Jingning Han [Mon, 6 Jun 2016 21:58:50 +0000 (14:58 -0700)]
Rework the tx type speed feature
This commit re-works the transform type speed feature. It moves
the transform type selection outside of the coding mode loop. This
avoids repeated motion search if the best prediction mode is
chosen as NEWMV. It improves the speed performance for clips that
contain more motion activities.
For mobile_cif at 1000 kbps, this makes the baseline encoding 7%
faster and makes the encoding with dynamic motion vector referencing
scheme enabled 10% faster.
Zoe Liu [Fri, 3 Jun 2016 23:03:00 +0000 (16:03 -0700)]
Fix a RD performance bug in bipredictive frames
This patch will make sure the use of the BWDREF_FRAME for the
encoding of both the two types of bipredictive frames, namely
LAST_BIPRED_UPDATE and BIPRED_UPDATE. To realize it, the
updates on the cpi->ref_frame_flags have been moved to before
the encoding of one frame, instread of originally handled after
the encoding of one frame.
RD performance has been improved slightly, approximately by 0.17%
compared to before the applying of this patch:
Geza Lore [Tue, 7 Jun 2016 16:02:03 +0000 (17:02 +0100)]
Zero segment counter before accumulating.
The segment counts are computed as part of packing the bitstream,
so they might have been computed already in the recode loop. Zero
the accumulator to avoid double counting.

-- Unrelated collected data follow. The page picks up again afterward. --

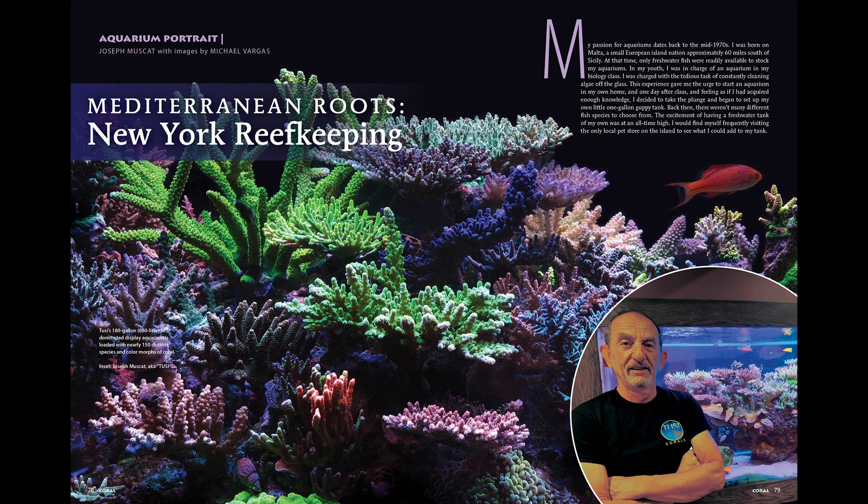Then, we get to enjoy a detailed profile of the beautiful 180-gallon SPS-dominated display aquarium of Joseph Muscat that contains nearly 150 distinct species and color morphs of coral.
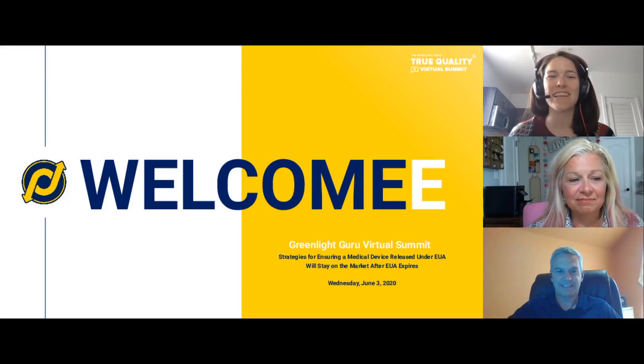Hello, and welcome to day two of the Greenlight Guru True Quality Virtual Summit, the three-day event designed to provide actionable takeaways you can implement in your own company to innovate faster, stay ahead of regulatory changes, and use quality as a strategic asset to grow your device business. This session is on strategies for ensuring a medical device released under EUA will stay on the market after EUA expires.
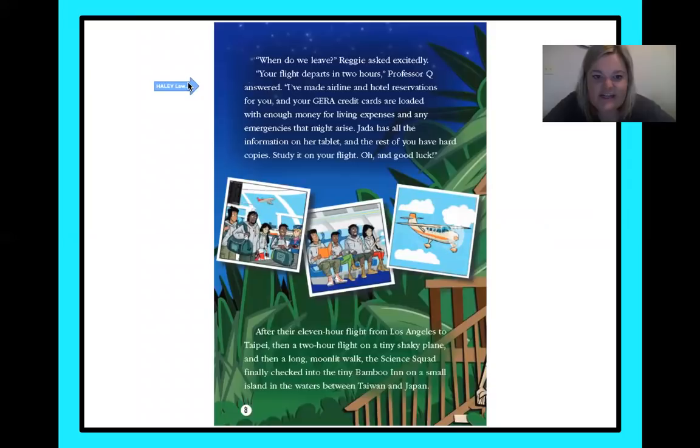When do we leave? Reggie asked excitedly. Your flight departs in two hours, Professor Q answered. I've made airline and hotel reservations for you, and your GERA credit cards are loaded with enough money for living expenses and any emergencies that might arise. Jada has all the information on her tablet, and the rest of you have hard copies — study it on your flight. Good luck. After the 11-hour flight from Los Angeles to Taipei, then a two-hour flight on a tiny shaky plane, and then a long moonlit walk, the science squad finally checked in to the tiny bamboo inn on a small island in the waters between Taiwan and Japan.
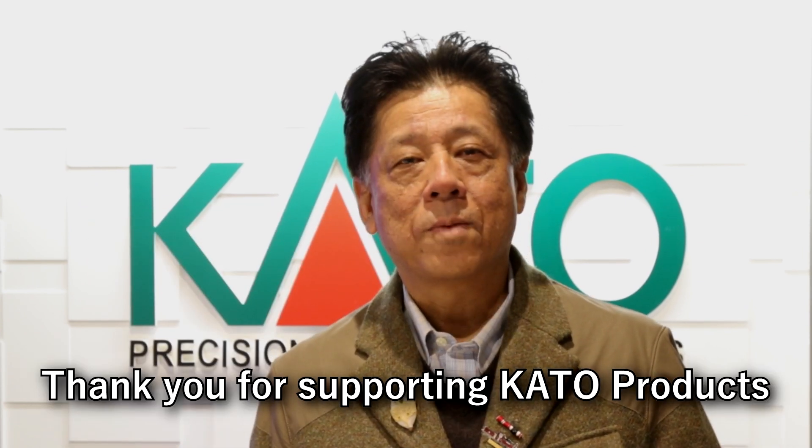Thank you for supporting Kato products. Thank you, Hiroshi, for your warm words to us and our customers. And now we look forward to the Rhaetian Railway.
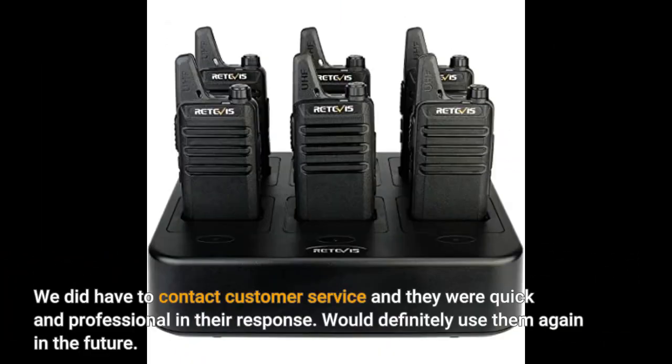We did have to contact customer service and they were quick and professional in their response. Would definitely use them again in the future.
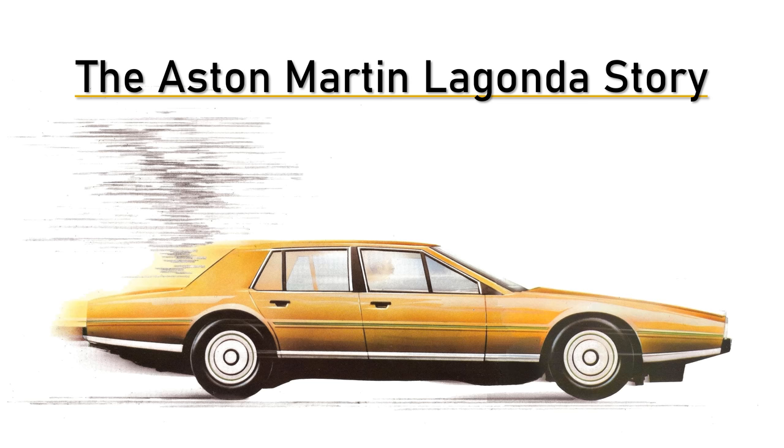The Lagonda was a shot in the arm for Aston in the mid-70s after they ran out of money. So where did this strange shape come from? Why did such a traditional company as Aston go for an all-electronic dashboard? And what came next? This is the Aston Martin Lagonda story.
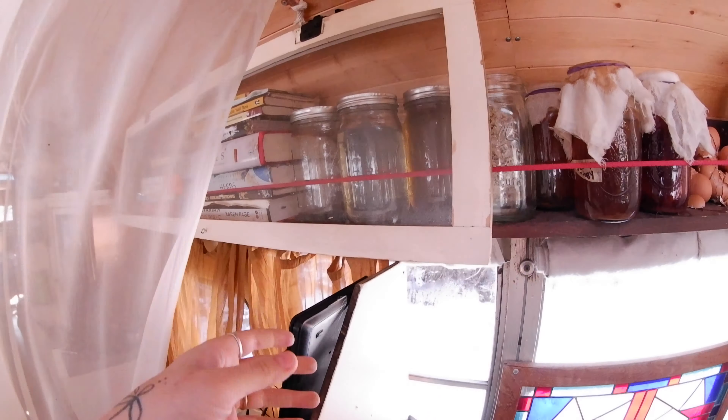We have our fridge down below this counter and it uses only a little bit of solar power because it's meant for RVs and boats. And this is just a recycled dresser.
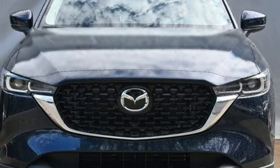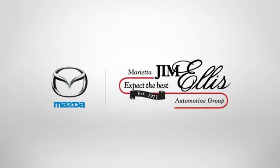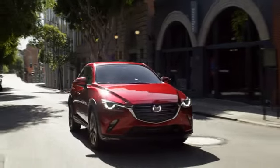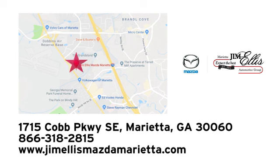And automatic transmission. Stop in for a test drive and make it yours today. At Jim Ellis Mazda Marietta, we prove every day that buying a car can be an enjoyable experience. We're conveniently located near Dobbins Air Force Base on Cobb Parkway.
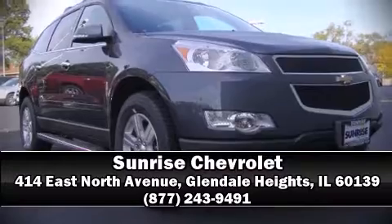A test drive is waiting for you. Call now to schedule an appointment at our dealership.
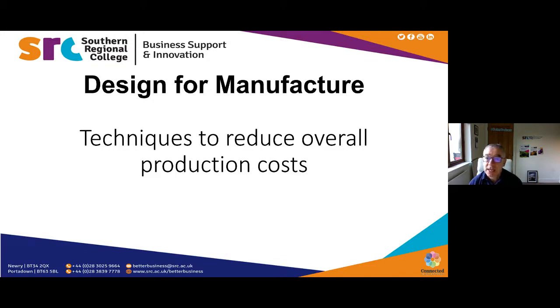James is going to take you through a model and then give you a few practical examples — one in particular of how he took this model and applied it to a business. The PowerPoint will be distributed this afternoon, as will an evaluation. This presentation will also be on our YouTube channel and the SRC website under business support. If you have any questions, please submit them in the chat box and Aisling and Sarah will bring them forward.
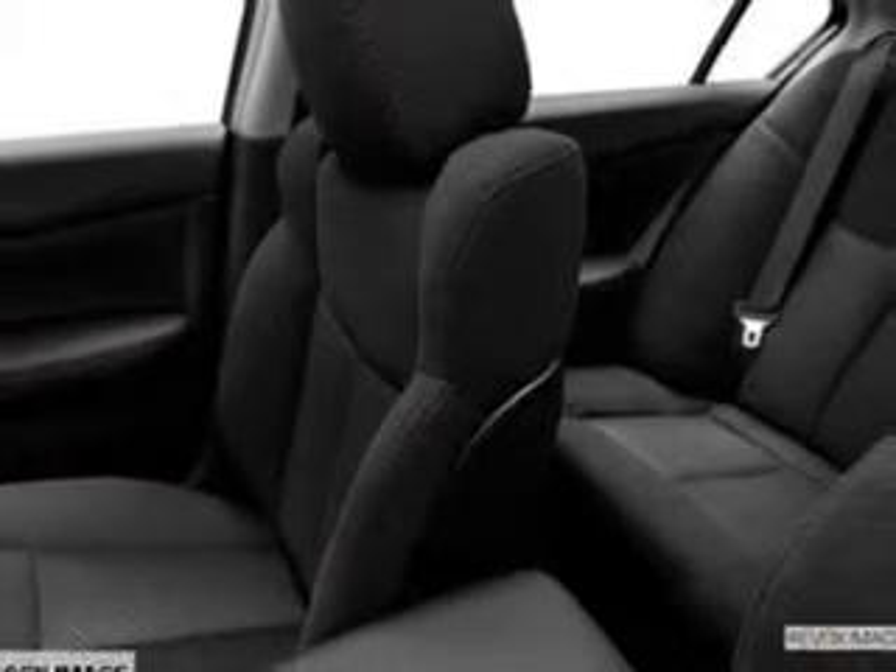An AM-FM stereo with a CD player. Power mirrors. Power steering. Call today to schedule a test drive.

Aamir Anis [Wed, 1 Jun 2016 05:50:24 +0000 (22:50 -0700)]
Updated loop restoration
1. Wiener restoration filter now has normalization and evaluation of
quantization procedure.
2. Corrected scaling of bits in RD cost computation.
3. Changed dynamic range and number of bits for Wiener filter.
Observed gains: Overall 0.58% for low_res, 0.7% for mid_res sequences.
Geza Lore [Wed, 1 Jun 2016 13:19:01 +0000 (14:19 +0100)]
Optimize wedge partition selection.
We can optimize wedge partition selection by pre-computing the
residuals of the 2 underlying predictors, and then blend these
to compute the sse of the compound predictor, without actually
having to compute and subtract the compound predictor.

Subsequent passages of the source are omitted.